Sandgren described his process for creating the panels and his serpentine representation of the Big River from Wallula Gap to the Pacific Ocean:
"One day I placed a couple of [the panels] together in my studio and realized I might extend them on either side to include the reach of this exhibition concept... From there, I worked them alternately for several months as stand along pieces and as interconnected compositions."
In response to a question about his process of creating the work, Sandgren added, "I liberated myself from most specific topography (except for the bracketing features of the Cayuse Sisters on the left and Saddle Mountain on the right, which allude to Native American origin stories) in order to get some FEEL for the winding, deep and vertiginous spaces of the middle gorge."

He added, "Growing out of my extended, on-site painting experiences along the Columbia, this is probably my most creative response to the challenges of evoking the topographic, cultural, historical and spatial flow of the Big River."
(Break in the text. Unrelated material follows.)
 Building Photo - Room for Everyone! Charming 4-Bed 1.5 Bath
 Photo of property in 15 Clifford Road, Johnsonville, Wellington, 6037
Here is an excerpt of Maryhill Museum's description of the piece:

"Along the way one encounters tiny markers of our industrial age—a telecommunications tower, a road, wind turbines, boats, a bridge, cannery and mill pilings—all dwarfed by the enormities of historical and geological time and distance. As one passes the Cascade Mountains and approaches the sea, verdant hills and swirling mists supplant the austere aridity of the interior Columbia Basin. The mists coalesce into glyph patterns that are unique to the Pacific Northwest: eyes with trailing forms. In the lower right-hand corner, at the water’s edge and surviving the incursions of industrial pilings, is an iconic wapato (Sagittaria latifolia), prized historic food source for the Columbia River’s Indigenous peoples."